AI and the evolution of document review and production

10 Minute read 07.04.2026 Jason McQuillen and Sarah McCann

AI is transforming legal document review — from Technology-Assisted Review and CAL to Generative AI — reshaping speed, accuracy and defensibility in discovery and investigations.

Key takeouts

CAL is the gold standard for defensible review. Courts and bodies like the Sedona Conference have endorsed it, making it the preferred methodology where court or regulator approval is required.

Gen AI processes thousands of documents in minutes and delivers real-time strategic insights, but lacks CAL's defensibility precedent and courts are yet to develop standards for assessing its adequacy.

The optimal approach combines both technologies with human oversight: Gen AI for early triage and summarisation, CAL for formal review and production, and senior lawyer review for privilege and edge cases.

Artificial intelligence (AI) is fundamentally reshaping the legal indsutry.
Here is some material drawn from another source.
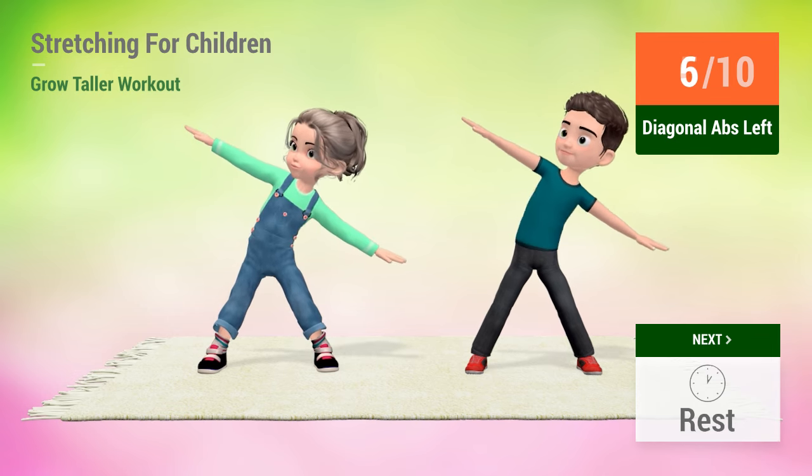Congratulations! You've successfully completed this workout. Please subscribe to the channel if you want to receive new video workouts regularly.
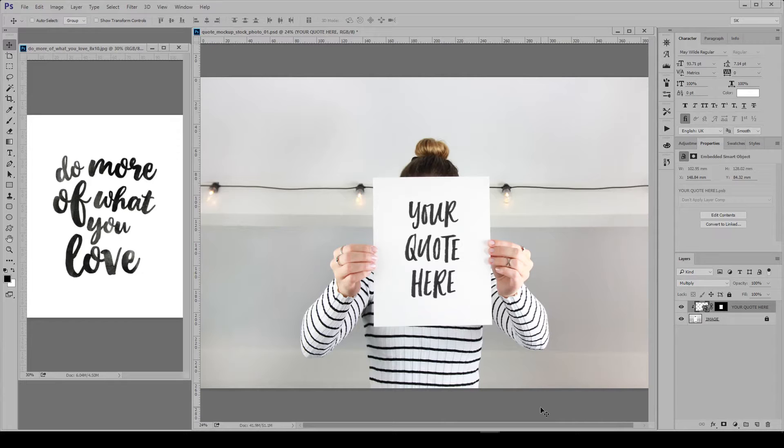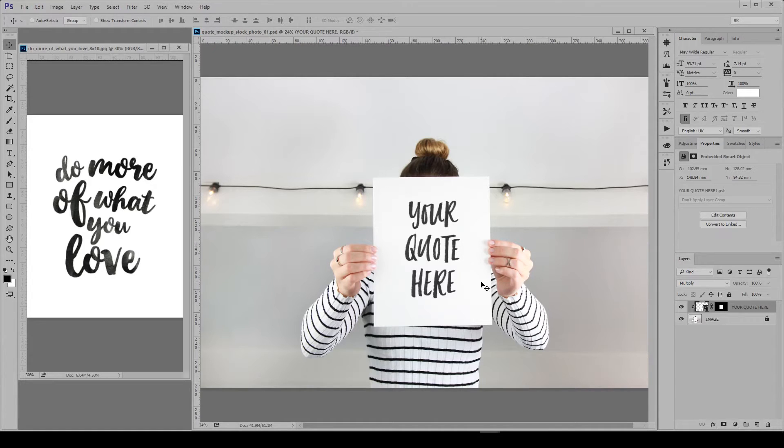I'm using one of my quote mock-ups which I will link down below and I've got my mock-up here on the right and the quote I want to use here on the left.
From contract analysis and legal research to due diligence and regulatory compliance, generative AI is transforming how legal professionals work, promising benefits in speed, efficiency and insight. The field of discovery, investigations and regulatory responses is no exception, and the introduction of AI builds on an evolution in the practice of document review and production.

What was once a labour-intensive, linear process dominated by human review has evolved into a sophisticated ecosystem where AI is playing an increasingly integral role. For organisations facing a requirement to collect, review and produce large data sets, understanding the various tools and approaches available is critical to managing timelines, cost, risk and defensibility.

This article examines the evolution of document review and production over the past decade, from the early adoption of Technology-Assisted Review (TAR) through Continuous Active Learning (CAL), to the emergence of AI, now including Generative AI. We analyse how these technologies compare across key metrics including speed, accuracy and defensibility, and provide practical guidance for how to decide the optimal approach to investigations, litigation and other document production depending on your context.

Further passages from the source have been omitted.